Not for TechnoDolts™ but that doesn't mean it might not be for you.

No registration.

No user name.

No password.

No cost.

Love their color palette.

November 17, 2006 at 12:01 PM | Permalink | Comments (2) | TrackBack

Hoodini — Virtual Hoodie


So far beyond kewl it's warm.

From the website:


    Soft, warm fleece keeps your neck, ears, head and chin warm even if your coat has no hood.

    Put it on underneath your outer layer; it fits easily under coats without bunching or feeling bulky and its wide yoke keeps drafts off your neck.

    Pull the hood up when you need it, or just let it drape around your neck.

    Works with any outfit.


    100% polyester.


Black or Camel.


N.B.: You snooze, you lose on this one — I predict it will sell out in a New York minute once word's up here.

Fair warning.

November 17, 2006 at 11:01 AM | Permalink | Comments (0) | TrackBack

'NFL Kickers Are Judged on the Wrong Criteria'


Above, the headline of the most interesting sports story I've read so far this month.

Aaron Schatz, in the "Keeping Score" feature in last Sunday's (November 12, 2006) New York Times Sports section, took what — at least to me — was an novel perspective to examine the performance of the league's elite and not-so-great placekickers over the past six seasons.

Long story short: You're much better off using kickers' average kickoff distance than their field goal percentage when you assess them.

Most interesting.

If you don't believe me, maybe you'll believe the graphic (top) which accompanied the article, which follows.

    N.F.L. Kickers Are Judged on the Wrong Criteria

    When the Dallas Cowboys signed Mike Vanderjagt to a three-year, $5.4 million contract, it was supposed to solve the field-goal problems that had plagued them in 2005.

    Last season, Dallas used three place-kickers. In three games they eventually lost, the Cowboys had a missed field-goal attempt that would have given them the margin of victory. Who better to solidify the position than Vanderjagt, who came into this season with the highest career field-goal percentage in the N.F.L.?

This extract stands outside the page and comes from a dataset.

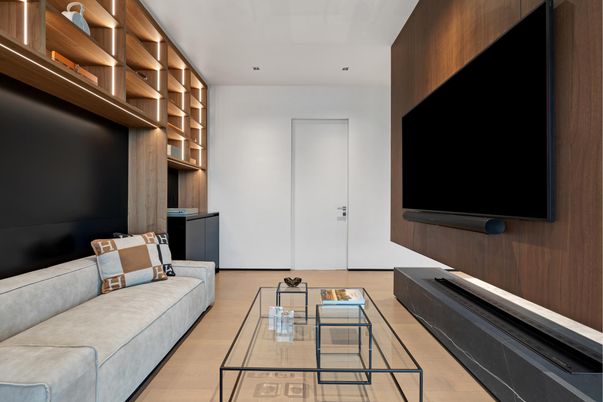 Interior, Living room, Recessed Lighting, Wood Texture Flooring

    But Vanderjagt has not solidified the position. Last Sunday, he had a 35-yard field-goal attempt blocked in the final seconds, costing the Cowboys a win over one of their National Football Conference East rivals, the Washington Redskins. It was the third attempt Vanderjagt missed this season.

    Game-winning field goals are what make kickers famous, but from season to season it is impossible to tell which kickers will be the most trustworthy in the closing seconds. Instead of wasting money on high-priced field-goal kickers, teams would be better off signing kickers who can be counted on to help their teams consistently by affecting field position with long kickoffs.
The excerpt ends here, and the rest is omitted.